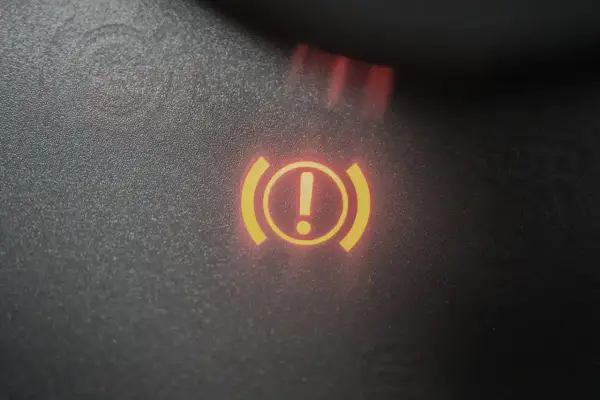Voyant de frein allumé, signalant un possible liquide de frein vide.
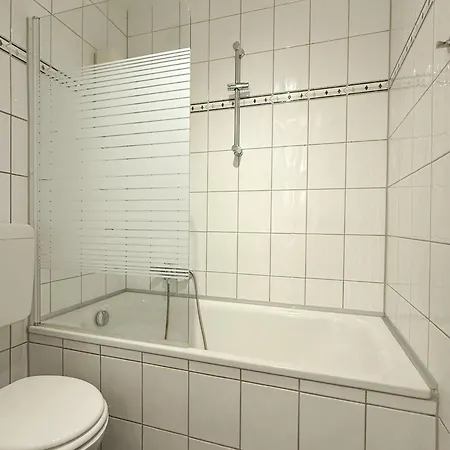 Lägenhet Zentrales City-apartment Mit Free Wifi & Self Check-in & Balkon *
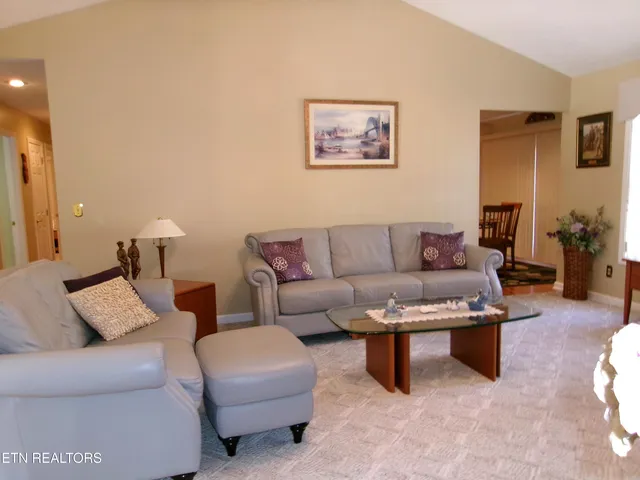 $405,000 | 14 Brooks Lane, Crossville, TN 38558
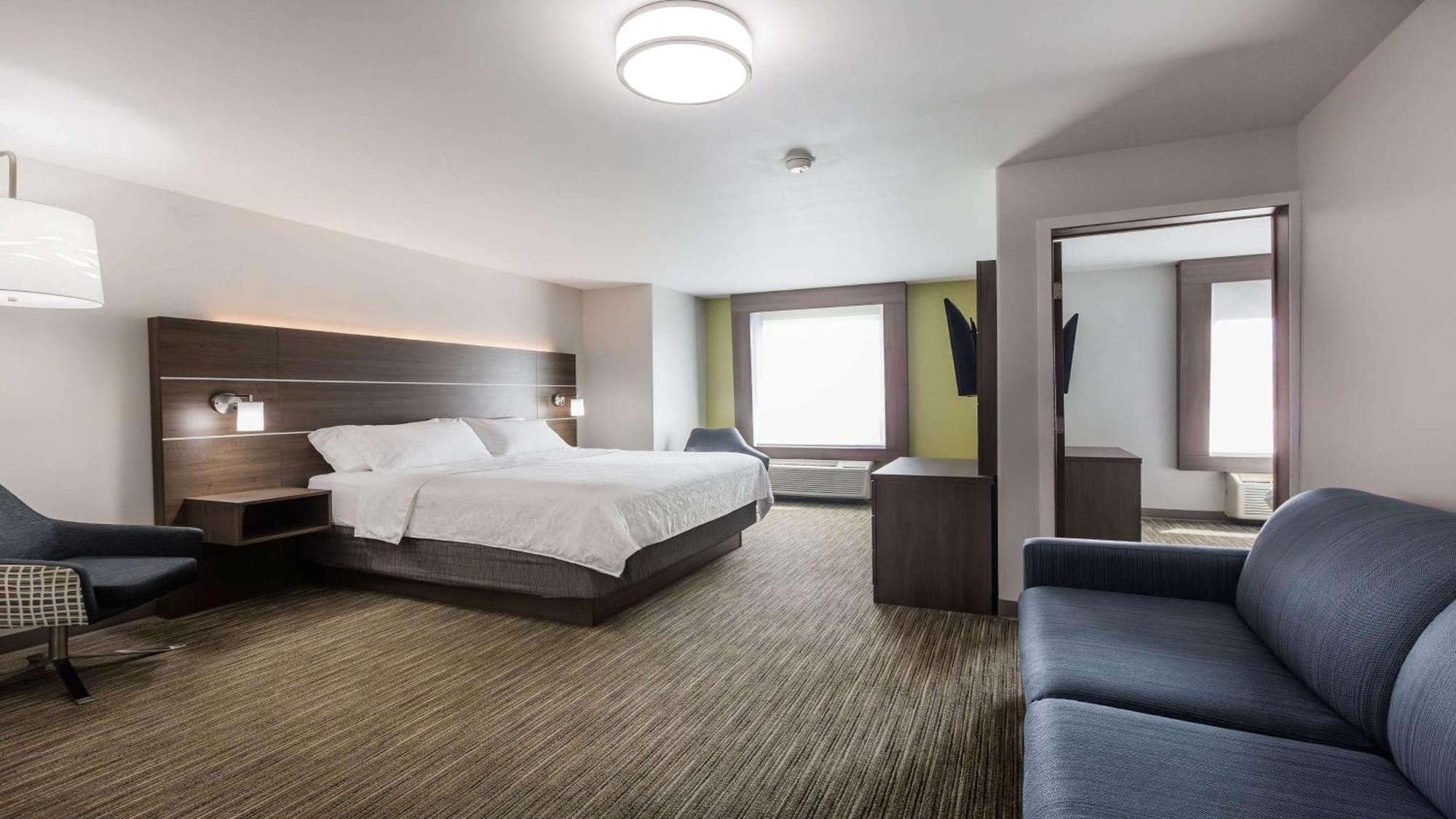 Holiday Inn Express & Suites-Regina-South By Ihg Екстериор снимка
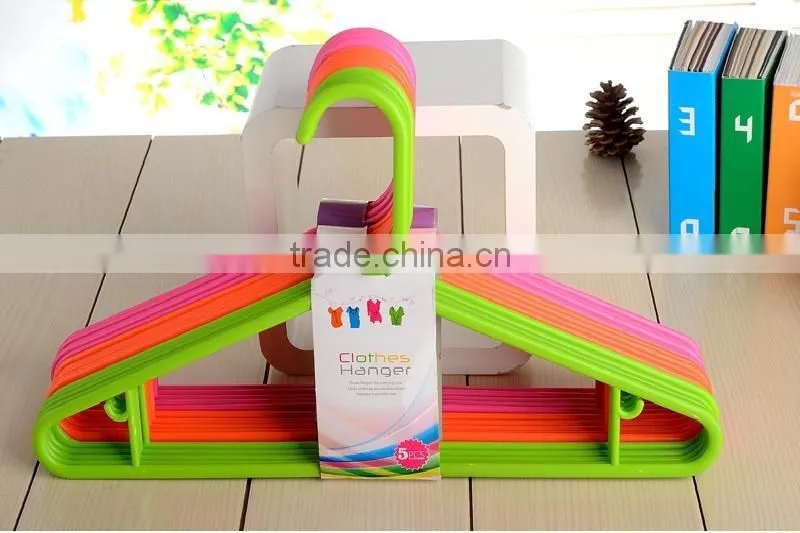 colorful plastic clothes hanger/pp cloth hanger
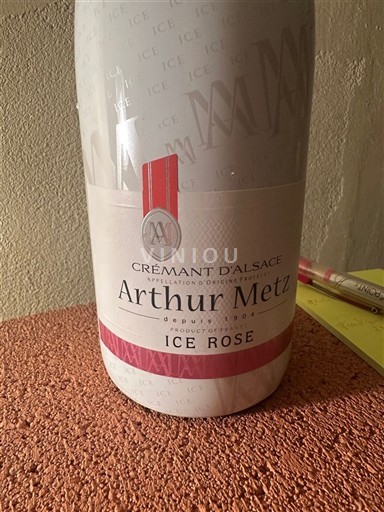 Alsace Alsace-kuohuviini Grand Cru Arthur Metz Ice Rose Ei vuosikertaa
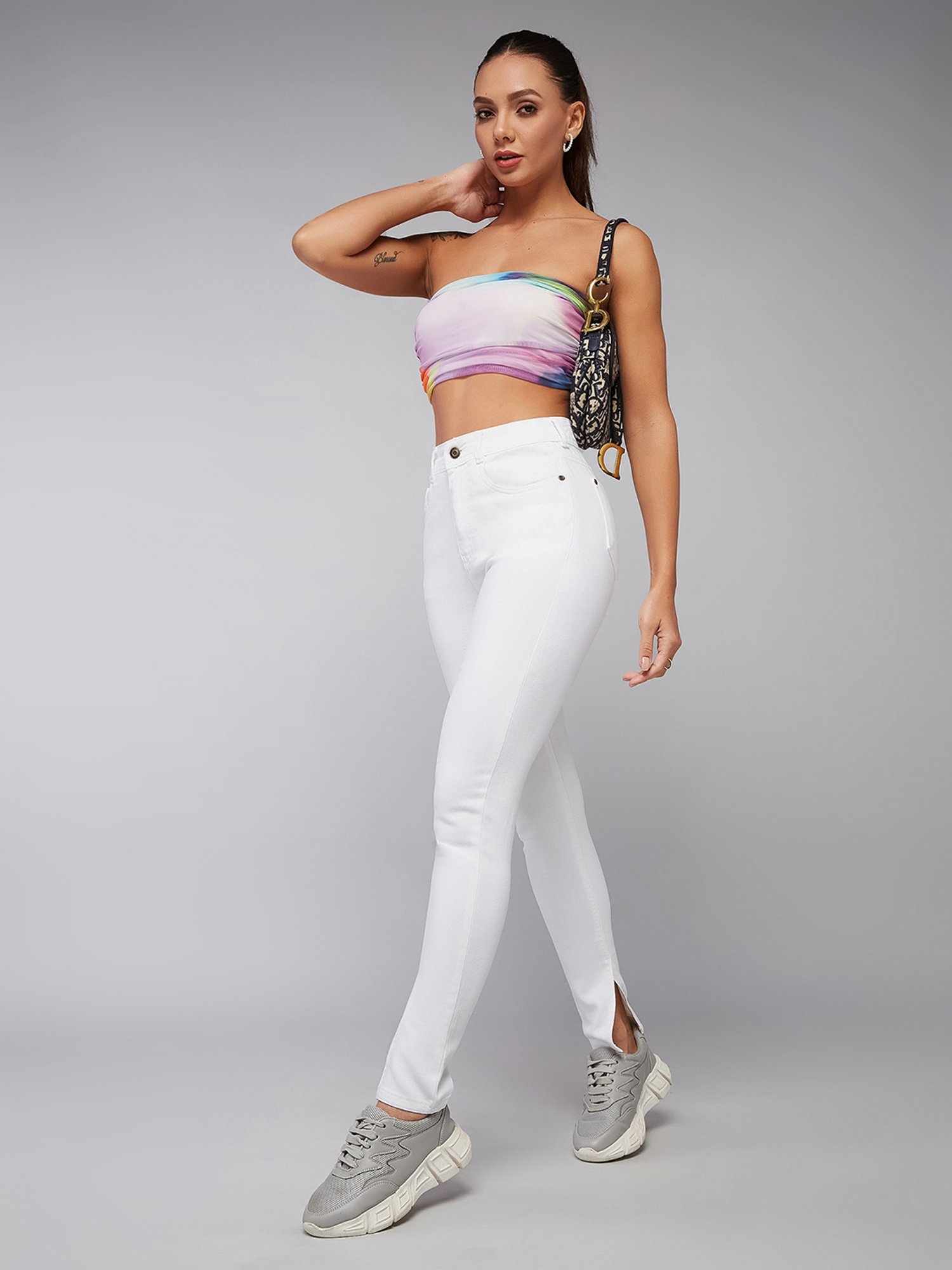 DOLCE CRUDO White Mid Rise Stretchable Jeans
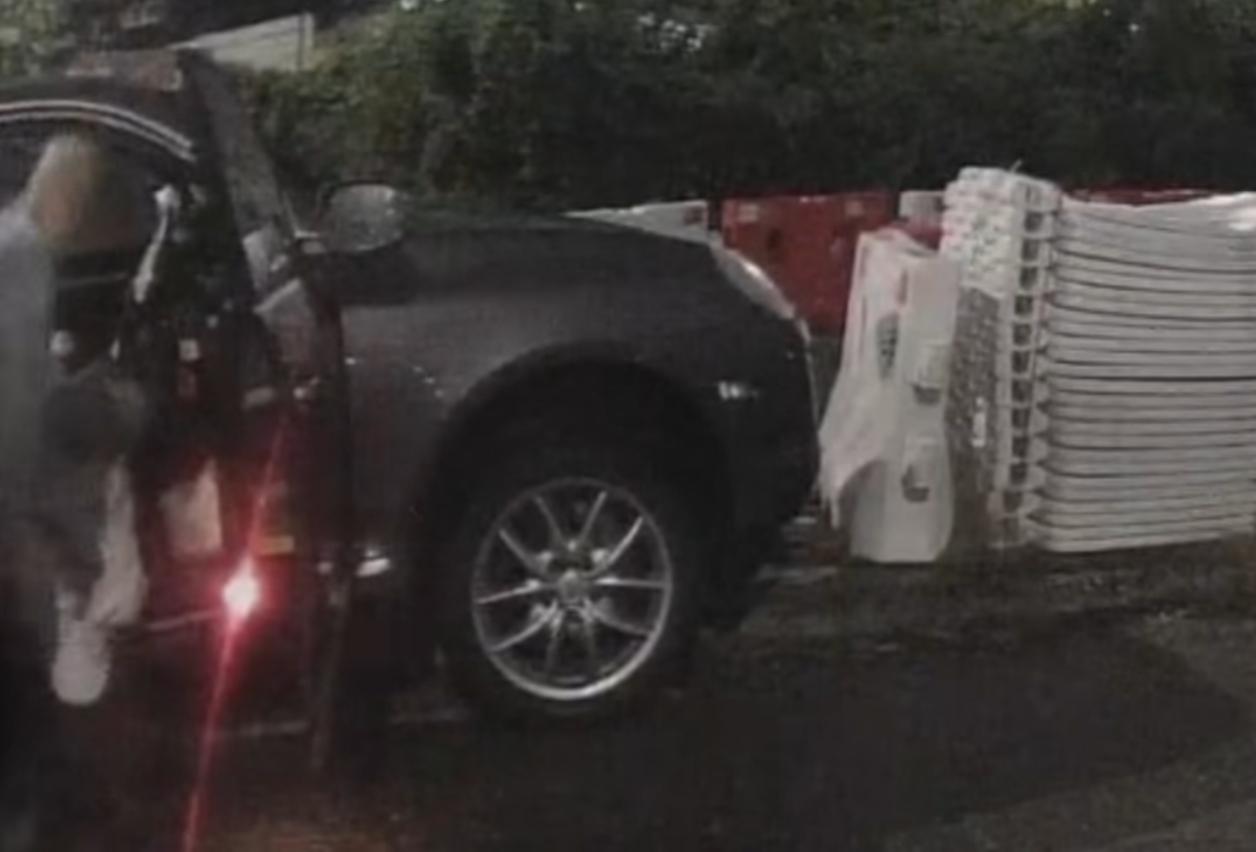 一名光頭男子疑將女伴打至暈倒。(fb「香港馬路炸彈資料庫」截圖)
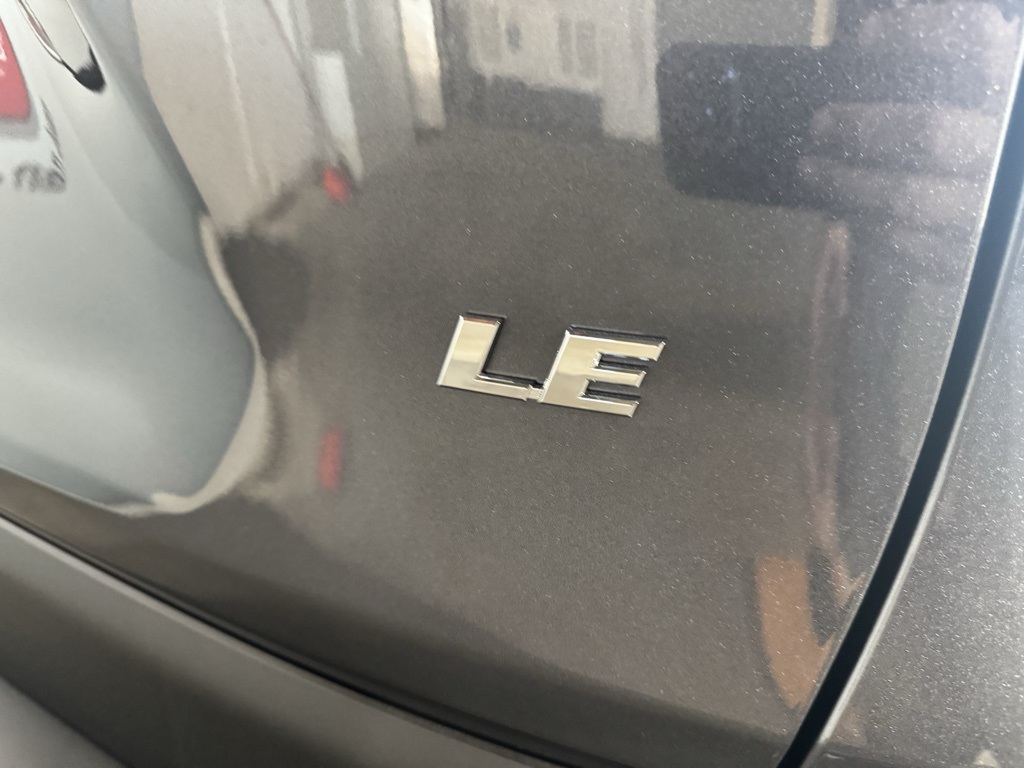 Thumbnail: 2025 Toyota RAV4 - 17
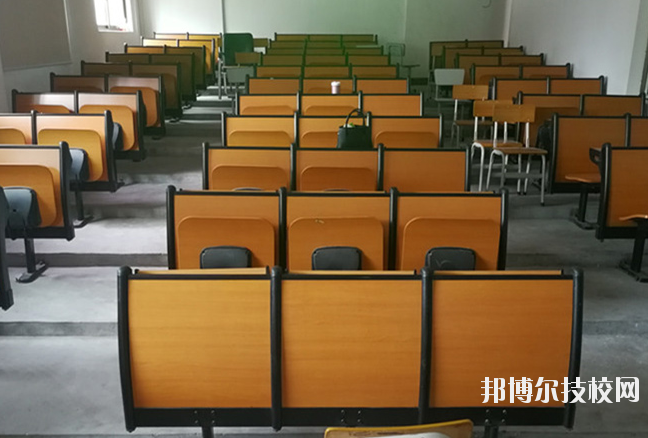 梅州梅鐵職業(yè)技術(shù)學(xué)校2020年報(bào)名條件、招生要求、招生對象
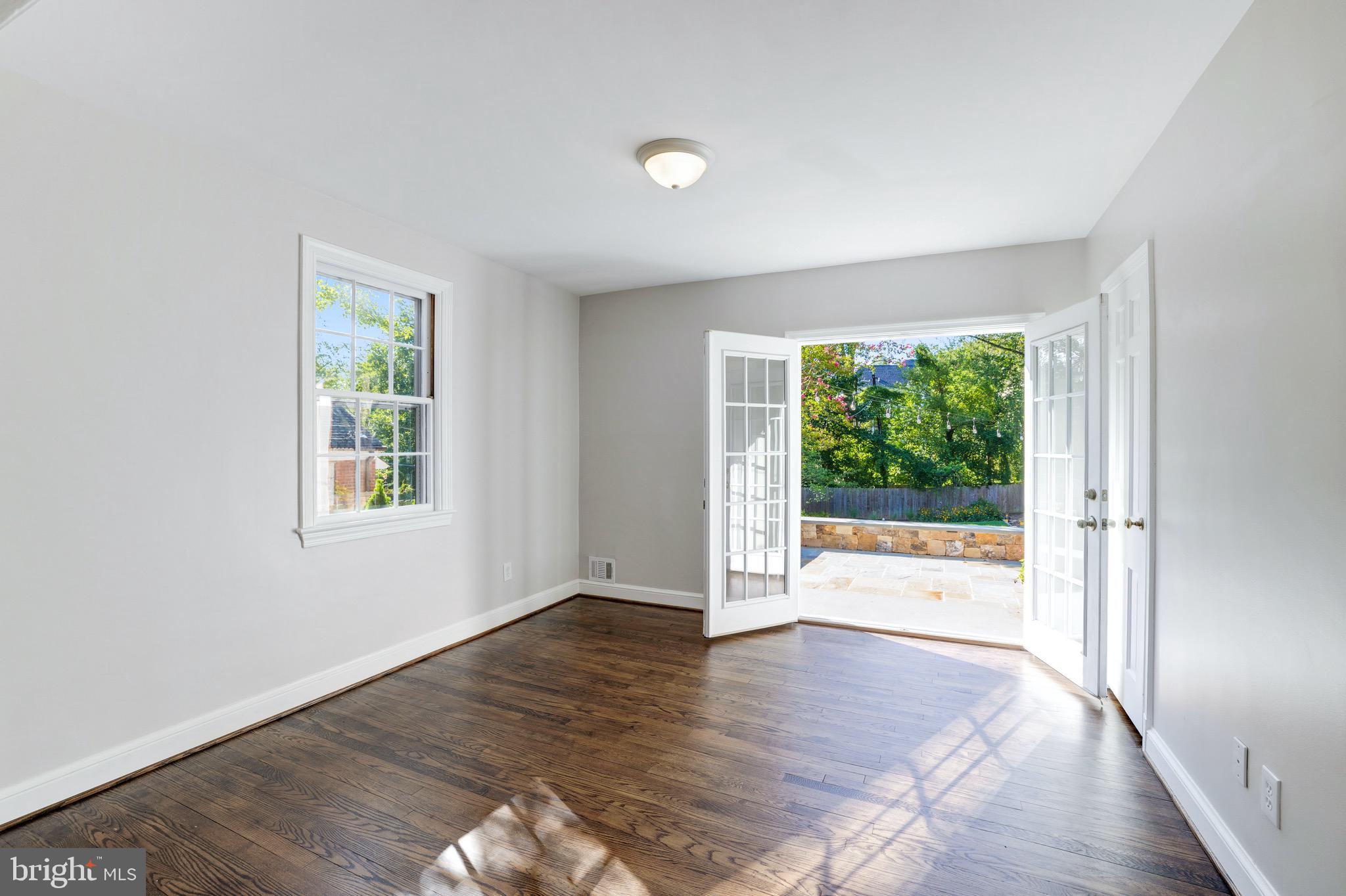 HILLWOOD - Residential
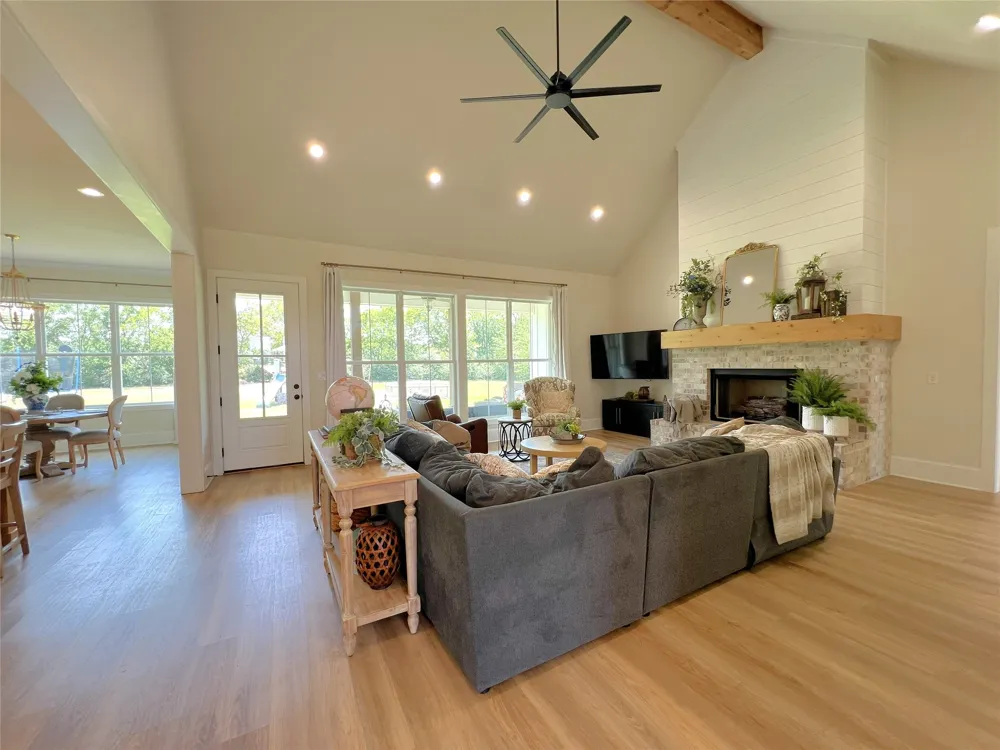 2168 I-30 W Sulphur Springs, TX 75482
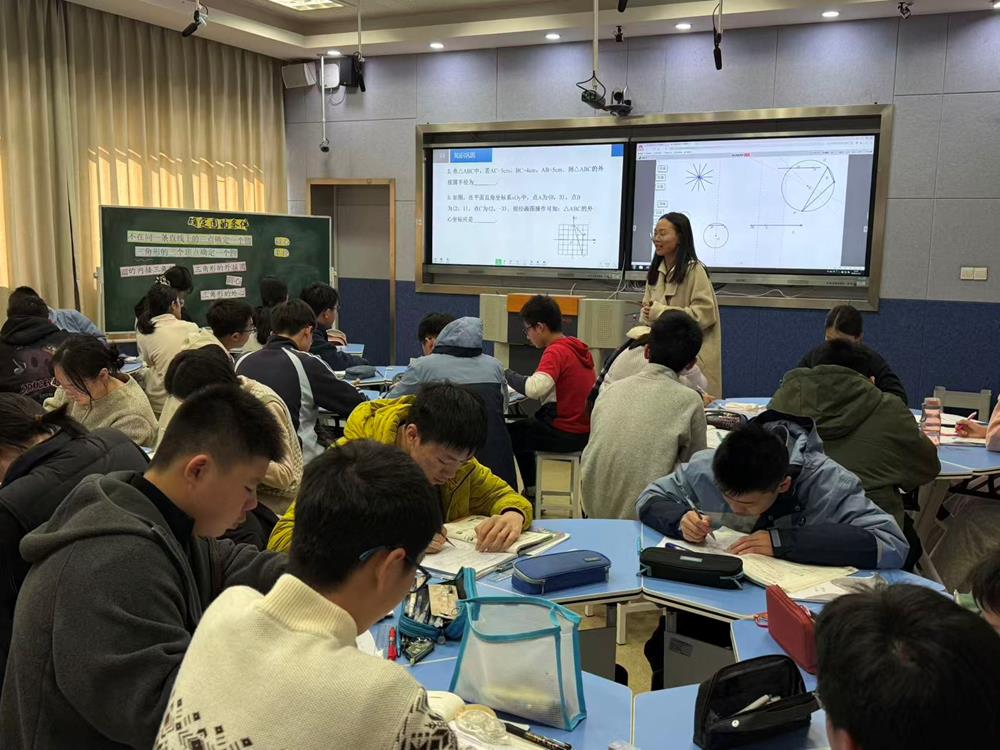 2032a12e2acc4896a440b08352bfd44f.jpg 2032a12e2acc4896a440b08352bfd44f.jpg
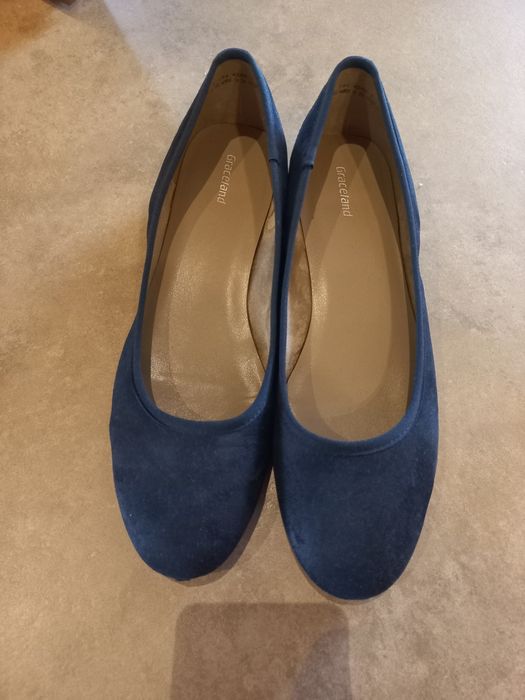 Półbuty 41 granatowe zamsz niski obcas - włożone dwa razy, za małe :(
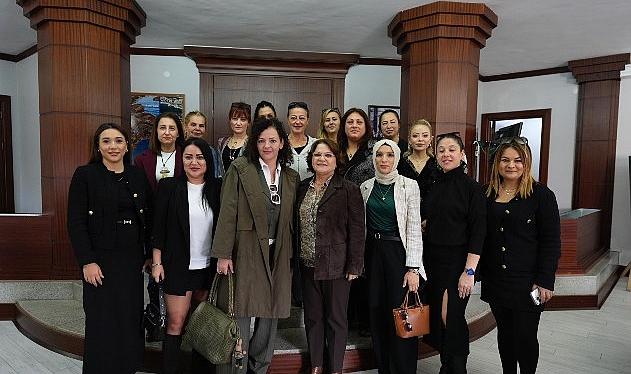 Kadın Girişimcilerden Başkan Hatice Gençay'a Ziyaret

» **Your objective**
Starting with the line containing "DOLCE CRUDO White Mid Rise Stretchable Jeans" and ending with the last line of the records above, write out each line exactly; no pictures.

» **Written solution**
 DOLCE CRUDO White Mid Rise Stretchable Jeans
 一名光頭男子疑將女伴打至暈倒。(fb「香港馬路炸彈資料庫」截圖)
 Thumbnail: 2025 Toyota RAV4 - 17
 梅州梅鐵職業(yè)技術(shù)學(xué)校2020年報(bào)名條件、招生要求、招生對象
 HILLWOOD - Residential
 2168 I-30 W Sulphur Springs, TX 75482
 2032a12e2acc4896a440b08352bfd44f.jpg 2032a12e2acc4896a440b08352bfd44f.jpg
 Półbuty 41 granatowe zamsz niski obcas - włożone dwa razy, za małe :(
 Kadın Girişimcilerden Başkan Hatice Gençay'a Ziyaret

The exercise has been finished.